Electric Potential Difference homework

[spoonthrower]

Point A is at a potential of +220 V, and point B is at a potential of -120 V. An alpha-particle is a helium nucleus that contains two protons and two neutrons; the neutrons are electrically neutral. An alpha-particle starts from rest at A and accelerates toward B. When the alpha-particle arrives at B, what kinetic energy (in electron volts) does it have? Plz help. thanks.

Here are my thoughts so far... i know the mass of the alpha particle is 4 amu.
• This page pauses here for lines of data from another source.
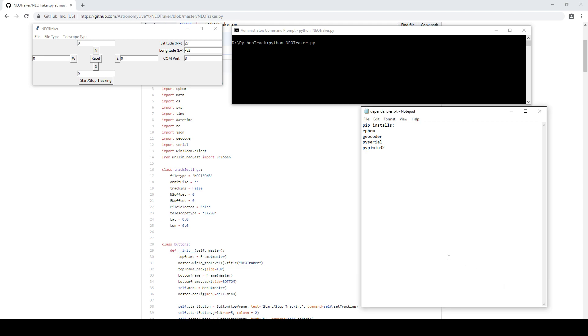Hi folks, Astronomy Live here. Happy World Space Week and happy 60th anniversary to NASA. Tonight I'm releasing NeoTracker, which is the first of three modules that I am splitting up from what used to be Teletrack and porting to Python.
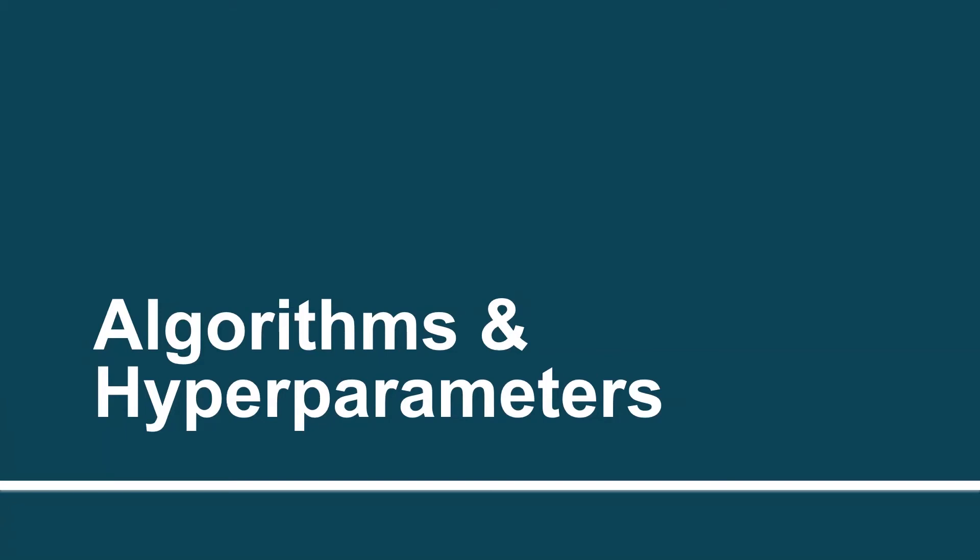Hey there, in this session we will learn about the various algorithms and the hyperparameters.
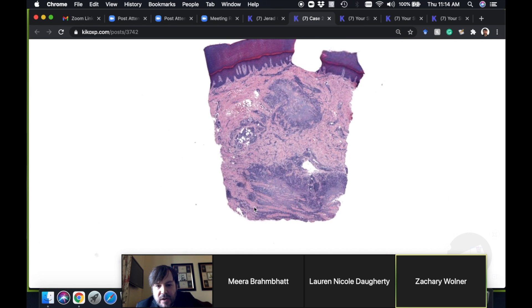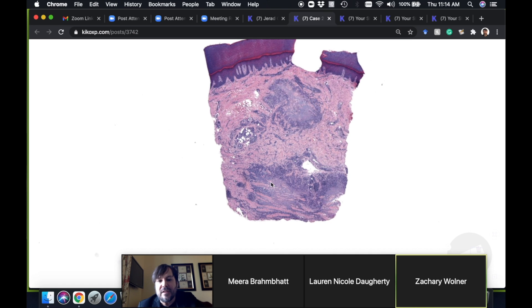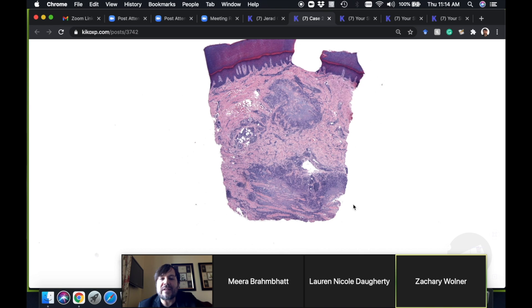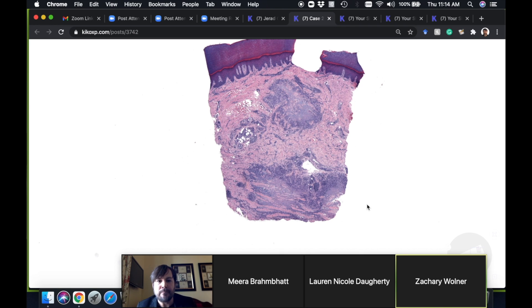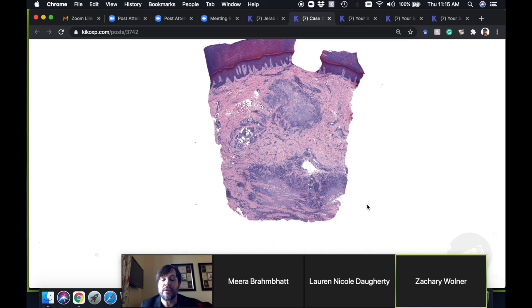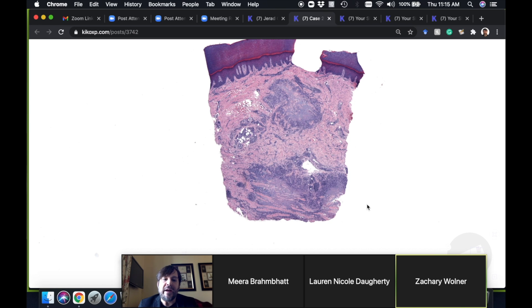You can see there's plenty of it here at the deep dermis pushing down into the subcutis. When there's a lot of subcutaneous involvement, we usually call that deep granuloma annulare. Those tend to present as one or multiple nodules often on the lower extremities of kids, sometimes on the hands or other sites too.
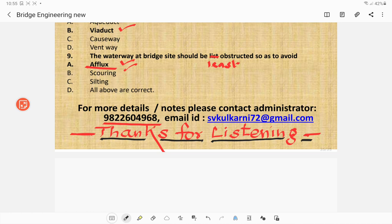For more details or notes, you may contact our administrator. You may take a screenshot of the phone number shown and call. My email ID is svkulkarni72 at gmail dot com. Thanks everybody for listening to this first lecture.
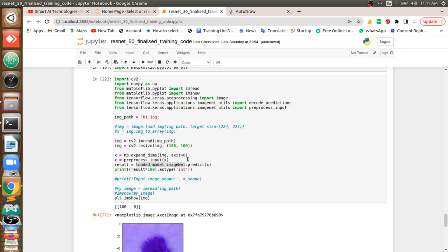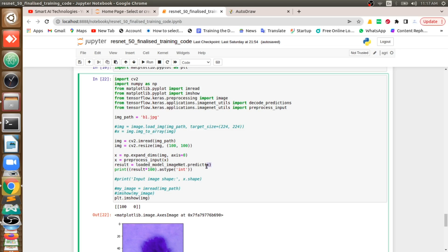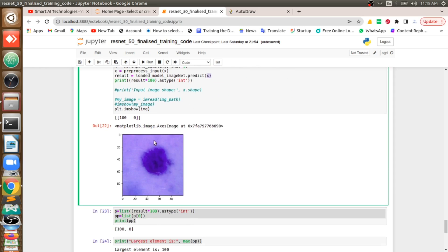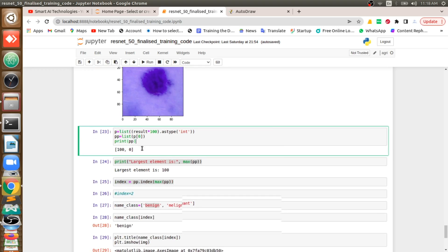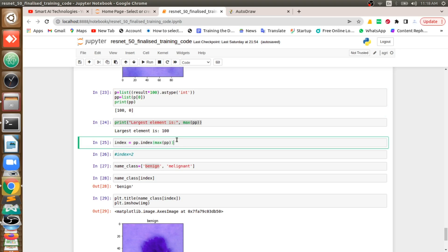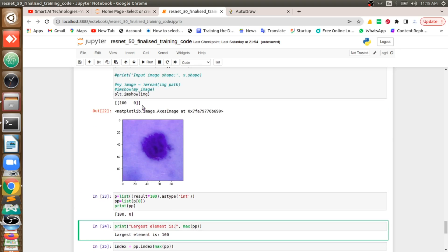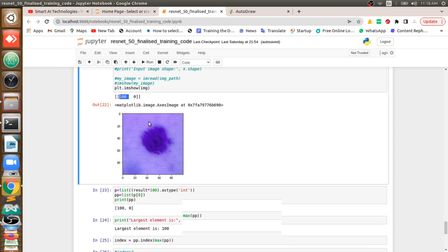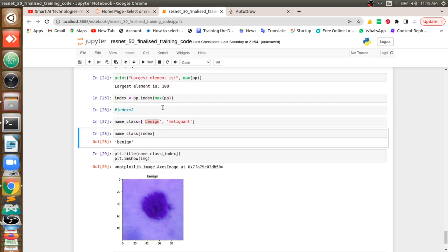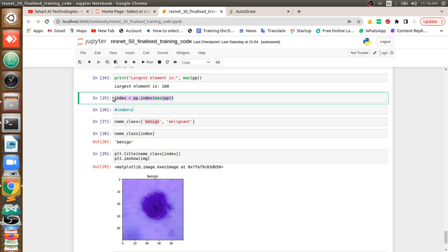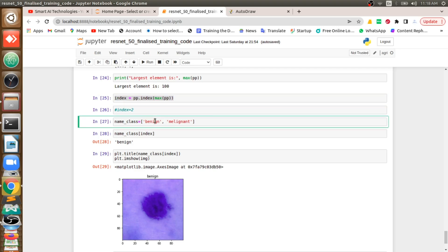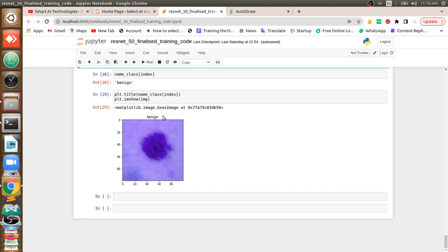I read the image using cv2, feed it to the model as x, and it gives the result array. I display the image and the result. From the array, I take the maximum value — if 99/100 is at index 0, that means benign — and get its index to determine the class, displaying the result accordingly.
The charge of the alpha particle is 2e. 6.25*10^18=1e so the charge of the alpha particle is 3.2*10^-19 C. I think i should use the following equation to solve this problem: KE=q(VA-VB). this will give me the answer in volts, however i need eV so 1V=1eV/(1.6*10^-19 C) When i plug in these numbers i am not getting the right answer. please let me know what i am doing wrong. thanks.

 

[Doc Al]

Since you want the answer in eV, no point in converting charge to Coulombs (and back). Your equation is correct: KE=q(VA-VB). What's q? What's Va-Vb?

 

[spoonthrower]

would q be equal to 2 since their are 2 e's in an alpha particle? And VA=220 and VB=-120 so KE=2(220-120)? thanks.

 

[Doc Al]

Almost.

q = 2e. Va = 220V; Vb = -120V; so, Va-Vb = (220V) - (-120V).